31:3 do not spend your strength on women, your vigor on those who ruin
kings.

MAT 5:28 But I tell you that anyone who looks at a woman lustfully has
already committed adultery with her in his heart.

ACT 15:20 Instead we should write to them, telling them to abstain from
food polluted by idols, from sexual immorality, from the meat of strangled
animals and from blood.

1CO 6:13 “Food for the stomach and the stomach for food”–but God will
destroy them both. The body is not meant for sexual immorality, but for the
Lord, and the Lord for the body.

15 Do you not know that your bodies are members of Christ himself? Shall I
then take the members of Christ and unite them with a prostitute? Never!

16 Do you not know that he who unites himself with a prostitute is one
with her in body? For it is said, “The two will become one flesh.”

17 But he who unites himself with the Lord is one with him in spirit.

18 Flee from sexual immorality.

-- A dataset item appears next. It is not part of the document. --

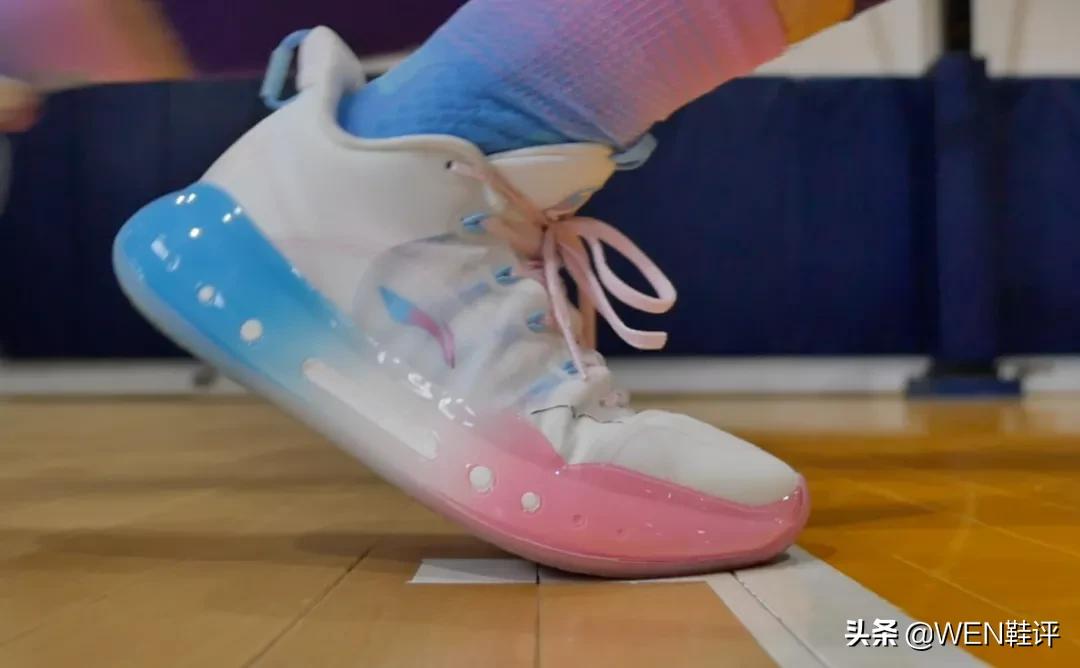 驭帅十四low灰白测评,驭帅14low致敬搭配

All other sins a man commits are outside
his body, but he who sins sexually sins against his own body.

19 Do you not know that your body is a temple of the Holy Spirit, who is
in you, whom you have received from God? You are not your own;

7:1 Now for the matters you wrote about: It is good for a man not to
marry.

2 But since there is so much immorality, each man should have his own
wife, and each woman her own husband.

7 I wish that all men were as I am. But each man has his own gift from
God; one has this gift, another has that.

8 Now to the unmarried and the widows I say: It is good for them to stay
unmarried, as I am.

9 But if they cannot control themselves, they should marry, for it is
better to marry than to burn with passion.

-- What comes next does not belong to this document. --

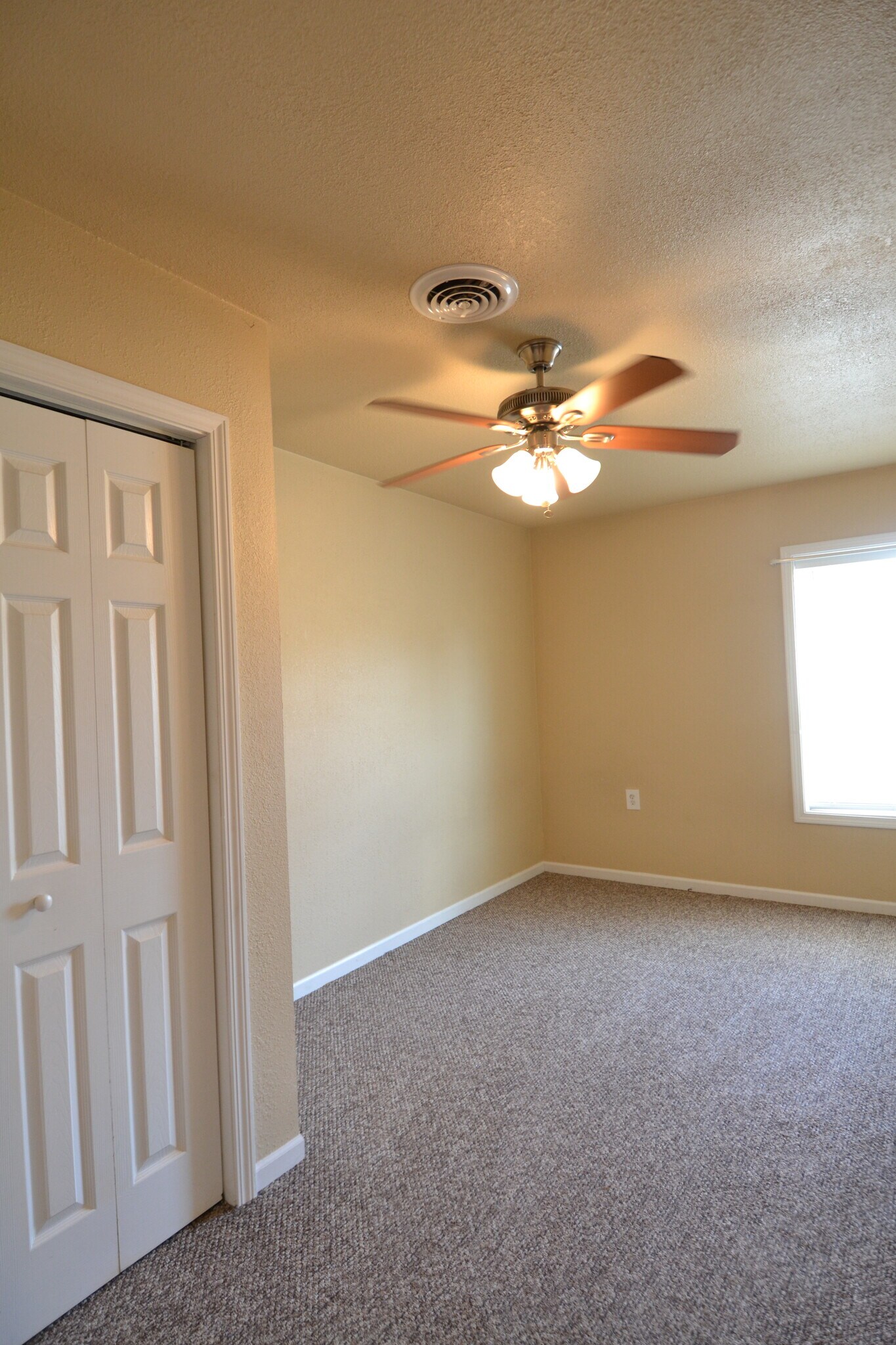 Building Photo - 1203 S Osteopathy Ave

25 Now about virgins: I have no command from the Lord, but I give a
judgment as one who by the Lord’s mercy is trustworthy.

26 Because of the present crisis, I think that it is good for you to
remain as you are.

36 If anyone thinks he is acting improperly toward the virgin he is
engaged to, and if she is getting along in years and he feels he ought to
marry, he should do as he wants. He is not sinning. They should get
married.

37 But the man who has settled the matter in his own mind, who is under no
compulsion but has control over his own will, and who has made up his mind
not to marry the virgin–this man also does the right thing.

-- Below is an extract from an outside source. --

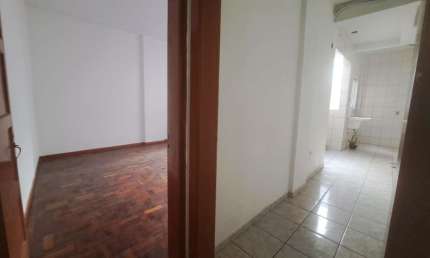 Apartamento Centro Curitiba 2 quartos com sacada cozinha ampla face norte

EPH 5:3 But among you there must not be even a hint of sexual immorality,
or of any kind of impurity, or of greed, because these are improper for
God’s holy people.

COL 3:5 Put to death, therefore, whatever belongs to your earthly nature:
sexual immorality, impurity, lust, evil desires and greed, which is
idolatry.

1TH 4:3 It is God’s will that you should be sanctified: that you should
avoid sexual immorality;

7 For God did not call us to be impure, but to live a holy life.

REV 14:4 These are those who did not defile themselves with women, for
they kept themselves pure. They follow the Lamb wherever he goes. They were
purchased from among men and offered as firstfruits to God and the Lamb.


#3

WOW - I have to admit, I’m a little intimidated by the vast amount of information the ilovebybabies gave you.

I was just going to say that they should be told that they should not do anything in private that they would not be comfortable doing, or watching other do, in a public area. Granted, what people will do in public has sunk to new lows over the past several years, but it is still a good rule to follow.

God Bless you.

NOT JUST STRONG…CATHOLIC STRONG!!!


#4

I am 30 and just got married less than a year ago. So I can definitely attest to the strong urges that they might be going through waiting for marriage. And just having the rules laid out in front of you doesn’t go too far with many of the youth these days. I can honestly say I didn’t with other girls that I “thought” I was going to marry. One of the worst mistakes in my life.

One thing that had a good part in changing my thinking around was Theology of the Body… Christopher West specifically. Instead of speaking on what we “ought not to do”. He approached it with love and spoke of how love could and should look like. When I was able to look at it as truelly loving my wife to wait, it gave me strength to follow God’s path for my body, and not my own.

I would definitely say that you should look into Christopher West.

Here are some of his speakign events:
christopherwest.com/speak.asp

Otherwise, here are some of his talks to buy:
ascensionpress.com/shop/Scripts/prodList.asp?idCategory=47

I would say the Sexual Honesty CD was great during marriage prep CD. I think it would speak well to even those marginally following their faith. Otherwise, God’s plan for a joy filled marriage was good. Might recommend you watching it first/with them so that it will help you express your feelings to them better.

PAX,
Cymonk


#5

Thank you for your replies, certainly helpful.
To: iluvmybabies, I think EPH 5:3 might be best. Of course, I wouldn’t suggest they not get married as per St Paul.

To: True Believer, I really like the idea of “do nothing in private, that you would not be comfortable doing in puplic”.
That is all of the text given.